Our clinical case also showed the importance of combining local and systemic treatments in the management of mPC to control oligoprogression sites and prolong NEST-free survival. Although this combined strategy does not represent a standard of care, several studies showed improvements in local control, progression-free survival and OS, preserving the current therapy and delaying the start of a new systemic therapy [9, 10].
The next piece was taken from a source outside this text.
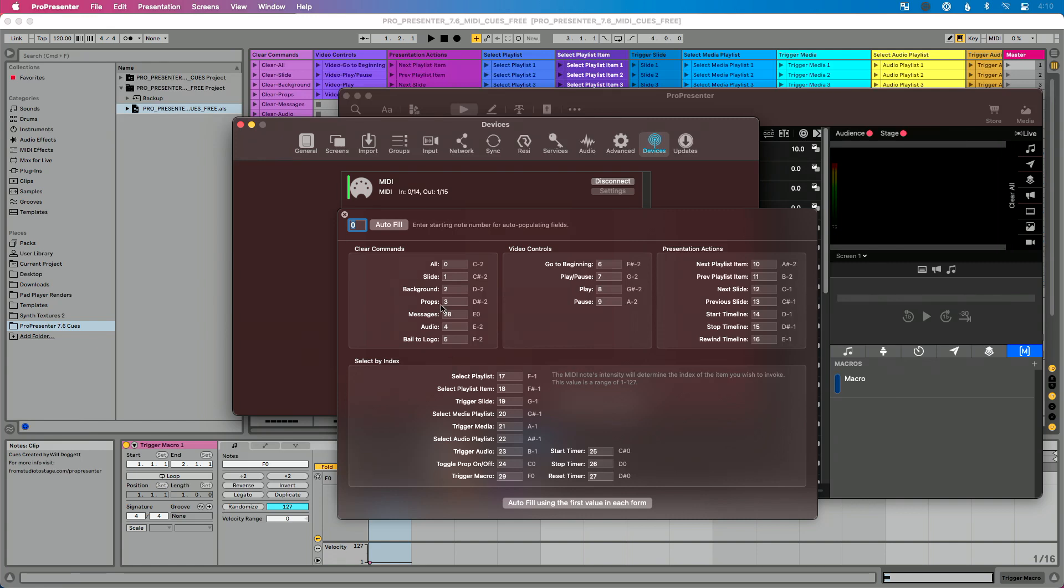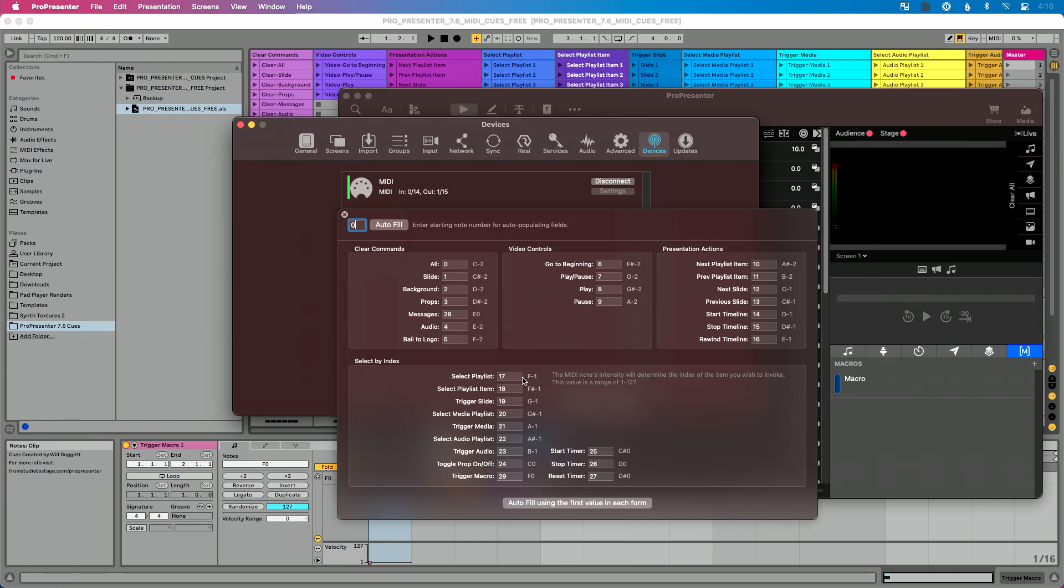you need to make sure that your MIDI queues start at zero. So I always suggest people go up here to the top here, hit zero and do autofill. We want to make sure that we go zero to five with messages being 28 and then we go all the way up to 29 here. So we do 17 to 24, jump to 29, 25, 26, 27.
Finally, after disease progression during enzalutamide, we decided to start a new line of hormone therapy. In fact, considering age, PS, and patient's will, available therapeutic options were running out, but particularly we trusted a disease's residual sensitivity to androgen receptor-targeted therapies. MA, blocking androgen receptor and adrenal hormonal synthesis, managed to overcome resistance to ARTAs, getting a dramatic biochemical and radiological response and a rapid improvement of symptoms.

Conclusion

MA is an interesting therapeutic option for long-survivor patients affected by mCRPC, progressing after multiple lines of chemotherapy and ARTA, especially if they got a very long NEST-free survival and good response during ARTA therapies, thus suggesting a very high sensitivity to androgen receptor blocking for their disease.

Statement of Ethics

Research was conducted ethically in accordance with the World Medical Association Declaration of Helsinki. This retrospective review of patient data did not require ethical approval in accordance with national guidelines. Written informed consent was obtained from the patient's next of kin for publication of this case report and any accompanying images.

Conflict of Interest Statement

The authors have no conflicts of interest to declare.

Funding Sources

This manuscript did not receive any funding.

Author Contributions

All the authors contributed to outline and manage the diagnostic and therapeutic process of the patient. Galanti D. and Borsellino N. managed patient's medical treatments. Fazio I. and La Vecchia M. managed RT treatment. Paratore R. managed diagnostics. La Vecchia M. and Galanti D. wrote case report.

Data Availability Statement

Article's data are available from clinical documentation at Buccheri La Ferla Fatebenefratelli Hospital, Macchiarella Clinic, and La Maddalena Hospital.